It's a lovely bit of writing testifying to the horrifying residue of World War I.  Indeed, the novel might be worth tracking down just for such lovely passages. 

But, alas and alack, Limebeer wasn't quite prepared to be as radical as Beckett, and felt that this loveliness had to be united by a rather tedious plot in which the turmoils surrounding the village inn are tied up with the heavily symbolic image of Louisa as a Lorelei driving men to their doom.  


This is exacerbated by the fact that, while minor characters come alive vividly, Louisa herself never seems to come together convincingly.  She is volatile and tortured, though we never really know why, and she is unlikeable and rather unsympathizable (so to speak).  Perhaps my inability to get at her personality or what drives her is a testament to the complexity that Limebeer was trying to capture, but for better or worse this complexity remained, for me, flat on the page.

It's distinctly odd, too, after the beauty of some of the earlier passages, that Limebeer late in the novel seems frequently to sink into a sort of gushing Romantic prose, rather like an (even more) immature Byron:

Drum. Drum-a-drum. Why should a soldier die? Why, having escaped the anguish of battle, should he not dwell in peace for ever, watching the shining fields of the earth, enjoying the earth as he sought to make it? If the sword has not pierced, the gun not riddled, the shell not shattered, the tank not mangled, it is absurd to die in one's own home. Better the cry of the wounded than a resumption of normal life and early frustration. How bitter the plans, the dreams are then I One recalls the days when one lived by saying, "When I get home I will do this or that." But the cup of peace is at one's lips and lo! it is dashed speedily away.

Ahem.  Reading these passages—of which there are, sadly, many—was like swimming through molasses.

But there, that's enough negativity.  Now, on to something far more interesting.

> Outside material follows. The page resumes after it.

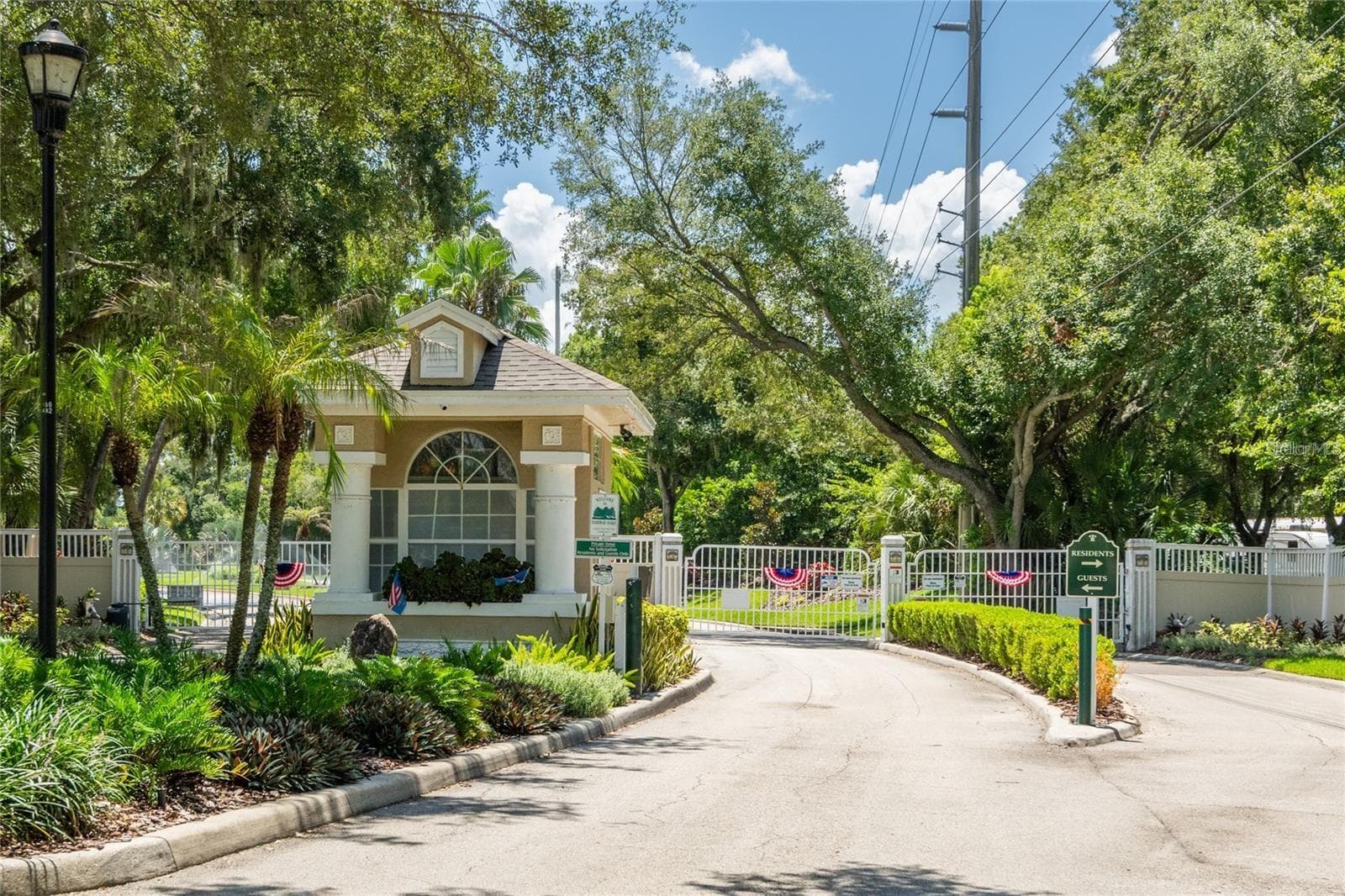 Gated community of Fairway Oaks. - 4465 FAIRWAY OAKS DR, MULBERRY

I had been intending to read this novel since some time last year when I came across an intriguing review of it.  I have been particularly obsessed with novels of village life recently, and like to throw in the occasional story reflecting that not all English village life is like The Vicar of Dibley, any more than San Francisco is like an Armistead Maupin novel (though it is, sort of, at least part of the time).  So I suppose that The Dove and Roebuck, in the bleak view it offers of village life, is a bit of a counterbalance to all of those idealized, charming village tales.

Be that as it may, however, the immediate inspiration for finally making my Interlibrary Loan request for Limebeer's book was an exciting email I received a few weeks ago from Larry Smith of Devon, England, who had just acquired two lovely paintings from a seller at her local market, and had gone online to try to find out more about the artist—one Ena Limebeer.  As Limebeer has virtually no web presence outside of my blog, Larry found herself here, and emailed me to share her discoveries. 

An oil on canvas by Ena Limebeer (the first of her paintings that I know of
to appear online), courtesy of Larry Smith of Devon, England

From what I had managed to find out about Limebeer, I knew that after authoring her two novels in the early 1930s, she had focused primarily on painting, and had apparently developed a fair reputation, reportedly exhibiting paintings in the Paris Salon in the 1960s.  A Japanese Wikipedia page—one of the only online sources of information about Limebeer (and a search for it now to provide a link was unsuccessful)—reports that her works from the 1950s and 1960s are particularly sought after by collectors, but I hadn't been able to locate any information at all about the paintings themselves, so I was particularly excited that Larry was generous enough not only to email me pictures of the two paintings, but also gave her permission for me to share the pictures with you.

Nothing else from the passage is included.